### Source data
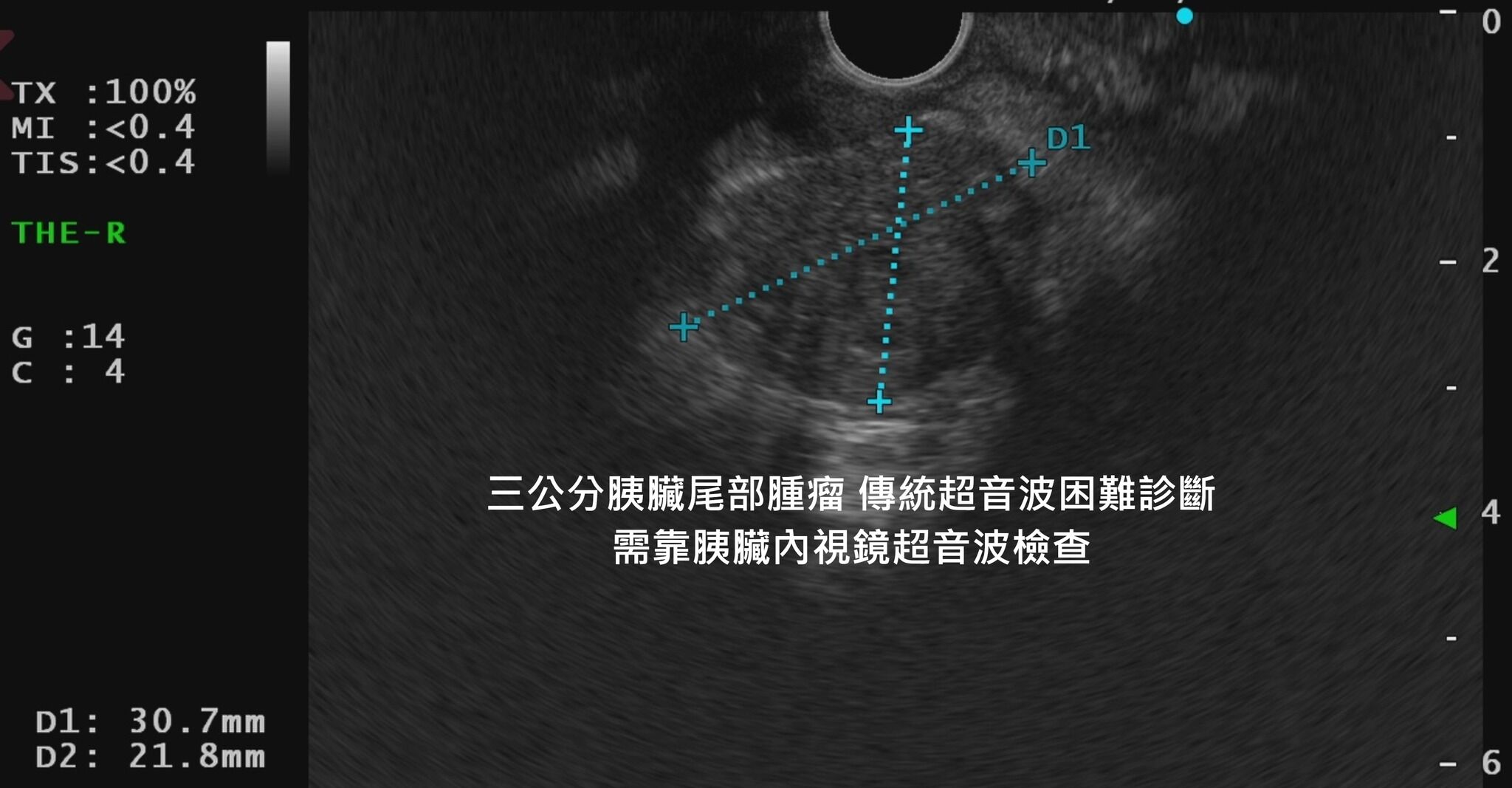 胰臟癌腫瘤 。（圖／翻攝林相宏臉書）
==
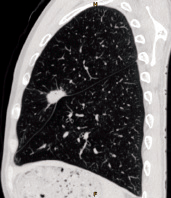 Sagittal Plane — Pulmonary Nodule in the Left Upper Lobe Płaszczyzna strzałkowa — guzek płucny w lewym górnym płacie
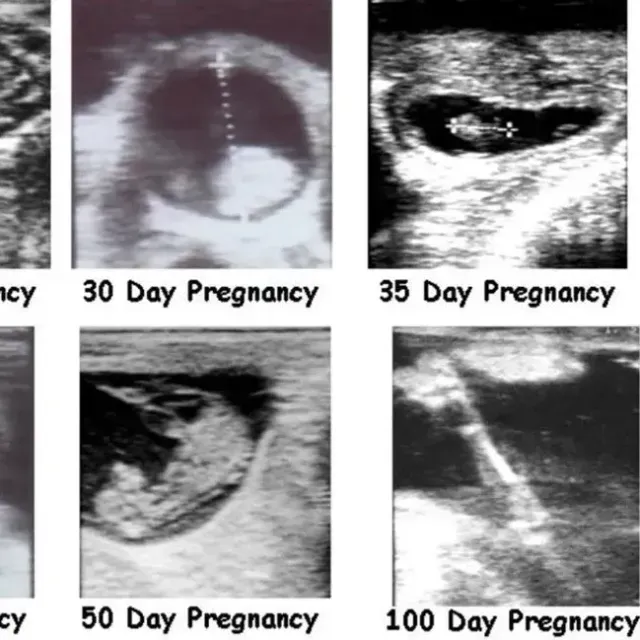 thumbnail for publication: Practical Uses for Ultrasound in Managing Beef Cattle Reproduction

### Problem requirements
Work from the entries above. Set down exactly and only the lines from the line with "Sagittal Plane —" to the line with "thumbnail for publication: Practical", both included, and leave the pictures out.

### Exercise output
 Sagittal Plane — Pulmonary Nodule in the Left Upper Lobe Płaszczyzna strzałkowa — guzek płucny w lewym górnym płacie
 thumbnail for publication: Practical Uses for Ultrasound in Managing Beef Cattle Reproduction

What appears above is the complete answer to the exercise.